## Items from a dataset
+++++

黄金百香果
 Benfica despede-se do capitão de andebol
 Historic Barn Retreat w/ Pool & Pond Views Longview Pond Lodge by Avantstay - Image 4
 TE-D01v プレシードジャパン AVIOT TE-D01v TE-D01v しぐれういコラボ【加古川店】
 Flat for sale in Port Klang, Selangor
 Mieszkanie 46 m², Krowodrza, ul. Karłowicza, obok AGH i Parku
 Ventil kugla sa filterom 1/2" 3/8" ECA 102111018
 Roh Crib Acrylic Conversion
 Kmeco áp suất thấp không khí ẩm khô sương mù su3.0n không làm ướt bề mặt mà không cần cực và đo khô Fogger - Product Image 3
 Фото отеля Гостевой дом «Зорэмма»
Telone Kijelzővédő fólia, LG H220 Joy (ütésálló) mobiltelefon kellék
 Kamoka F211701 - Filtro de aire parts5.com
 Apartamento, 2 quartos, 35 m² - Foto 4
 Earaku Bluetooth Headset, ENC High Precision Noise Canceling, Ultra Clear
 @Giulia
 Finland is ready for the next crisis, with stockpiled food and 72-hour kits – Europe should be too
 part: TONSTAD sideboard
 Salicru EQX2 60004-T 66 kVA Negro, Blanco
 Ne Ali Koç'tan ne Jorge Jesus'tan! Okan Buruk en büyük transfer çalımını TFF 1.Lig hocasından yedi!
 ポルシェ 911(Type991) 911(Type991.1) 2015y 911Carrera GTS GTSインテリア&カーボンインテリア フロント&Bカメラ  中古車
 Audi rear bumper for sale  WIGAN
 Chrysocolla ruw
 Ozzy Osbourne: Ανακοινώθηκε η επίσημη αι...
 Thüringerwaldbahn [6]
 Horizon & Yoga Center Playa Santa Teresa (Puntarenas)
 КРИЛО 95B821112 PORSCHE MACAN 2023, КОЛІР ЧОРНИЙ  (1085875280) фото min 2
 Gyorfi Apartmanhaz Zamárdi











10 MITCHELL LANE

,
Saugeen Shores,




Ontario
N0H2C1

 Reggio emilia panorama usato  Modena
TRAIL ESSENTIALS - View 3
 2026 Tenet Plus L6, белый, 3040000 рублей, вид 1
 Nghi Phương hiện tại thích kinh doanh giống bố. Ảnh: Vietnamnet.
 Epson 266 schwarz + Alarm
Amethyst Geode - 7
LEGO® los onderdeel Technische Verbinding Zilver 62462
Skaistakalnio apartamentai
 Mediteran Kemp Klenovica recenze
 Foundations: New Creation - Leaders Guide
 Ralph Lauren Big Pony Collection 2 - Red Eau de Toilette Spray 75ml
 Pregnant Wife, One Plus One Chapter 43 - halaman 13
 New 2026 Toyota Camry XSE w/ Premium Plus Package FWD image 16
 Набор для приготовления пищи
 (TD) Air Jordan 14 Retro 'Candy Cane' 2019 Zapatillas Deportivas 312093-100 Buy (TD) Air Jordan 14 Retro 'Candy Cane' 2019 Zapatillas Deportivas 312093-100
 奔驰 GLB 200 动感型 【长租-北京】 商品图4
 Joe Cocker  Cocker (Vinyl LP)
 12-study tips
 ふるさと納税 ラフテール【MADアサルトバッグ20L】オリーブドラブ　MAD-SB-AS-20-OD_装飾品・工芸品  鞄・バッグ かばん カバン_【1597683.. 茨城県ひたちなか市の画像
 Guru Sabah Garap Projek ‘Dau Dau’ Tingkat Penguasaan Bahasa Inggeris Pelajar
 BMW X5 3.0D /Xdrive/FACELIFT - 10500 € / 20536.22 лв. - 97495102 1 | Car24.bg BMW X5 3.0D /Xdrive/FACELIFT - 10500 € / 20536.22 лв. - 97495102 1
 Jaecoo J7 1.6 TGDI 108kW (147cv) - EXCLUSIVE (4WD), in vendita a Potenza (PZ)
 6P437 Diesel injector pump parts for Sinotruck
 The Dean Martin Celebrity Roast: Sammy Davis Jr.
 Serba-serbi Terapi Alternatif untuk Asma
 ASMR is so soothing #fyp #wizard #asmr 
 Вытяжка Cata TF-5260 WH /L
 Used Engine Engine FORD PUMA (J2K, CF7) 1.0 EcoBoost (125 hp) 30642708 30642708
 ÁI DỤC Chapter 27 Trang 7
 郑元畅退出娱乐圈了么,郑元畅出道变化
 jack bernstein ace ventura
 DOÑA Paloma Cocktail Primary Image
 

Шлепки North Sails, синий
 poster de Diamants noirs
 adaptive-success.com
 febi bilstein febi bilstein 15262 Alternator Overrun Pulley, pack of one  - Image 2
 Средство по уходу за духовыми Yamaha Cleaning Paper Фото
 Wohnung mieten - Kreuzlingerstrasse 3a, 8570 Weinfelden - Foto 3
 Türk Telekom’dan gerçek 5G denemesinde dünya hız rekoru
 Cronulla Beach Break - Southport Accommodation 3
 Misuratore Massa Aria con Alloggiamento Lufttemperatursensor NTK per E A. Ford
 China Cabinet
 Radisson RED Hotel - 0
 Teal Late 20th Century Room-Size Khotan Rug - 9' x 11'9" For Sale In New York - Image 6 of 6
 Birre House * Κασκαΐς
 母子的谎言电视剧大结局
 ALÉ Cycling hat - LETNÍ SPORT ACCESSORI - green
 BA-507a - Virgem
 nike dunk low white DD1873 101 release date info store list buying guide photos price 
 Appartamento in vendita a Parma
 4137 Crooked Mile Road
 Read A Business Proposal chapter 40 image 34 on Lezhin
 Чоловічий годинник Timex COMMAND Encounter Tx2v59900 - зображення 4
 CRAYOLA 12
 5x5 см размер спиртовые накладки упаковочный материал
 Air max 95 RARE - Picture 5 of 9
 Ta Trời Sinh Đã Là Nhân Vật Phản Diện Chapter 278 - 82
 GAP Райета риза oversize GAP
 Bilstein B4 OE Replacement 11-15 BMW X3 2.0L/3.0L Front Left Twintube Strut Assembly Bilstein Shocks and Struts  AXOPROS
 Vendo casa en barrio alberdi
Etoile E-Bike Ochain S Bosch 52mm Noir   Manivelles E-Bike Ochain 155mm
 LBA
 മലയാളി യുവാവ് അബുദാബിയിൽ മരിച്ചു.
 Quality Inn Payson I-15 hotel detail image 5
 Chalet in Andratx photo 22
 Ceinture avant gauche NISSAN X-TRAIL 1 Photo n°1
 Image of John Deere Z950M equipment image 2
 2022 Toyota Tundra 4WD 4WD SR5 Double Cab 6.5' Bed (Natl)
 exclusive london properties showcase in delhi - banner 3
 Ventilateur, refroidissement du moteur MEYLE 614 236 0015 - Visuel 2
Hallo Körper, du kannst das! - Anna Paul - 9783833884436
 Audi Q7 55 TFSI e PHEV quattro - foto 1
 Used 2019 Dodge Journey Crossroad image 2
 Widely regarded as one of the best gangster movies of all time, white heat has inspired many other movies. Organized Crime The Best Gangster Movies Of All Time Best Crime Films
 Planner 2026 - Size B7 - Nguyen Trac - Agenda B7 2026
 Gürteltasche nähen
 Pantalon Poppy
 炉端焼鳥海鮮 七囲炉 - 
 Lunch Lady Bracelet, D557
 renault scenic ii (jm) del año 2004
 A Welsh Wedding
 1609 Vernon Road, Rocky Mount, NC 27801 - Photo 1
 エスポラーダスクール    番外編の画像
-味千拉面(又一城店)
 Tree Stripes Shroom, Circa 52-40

+++++

## Your goal
Lines containing the word "Used" are to be located in the entries and copied.

## Solution for this task
 Used Engine Engine FORD PUMA (J2K, CF7) 1.0 EcoBoost (125 hp) 30642708 30642708
 Used 2019 Dodge Journey Crossroad image 2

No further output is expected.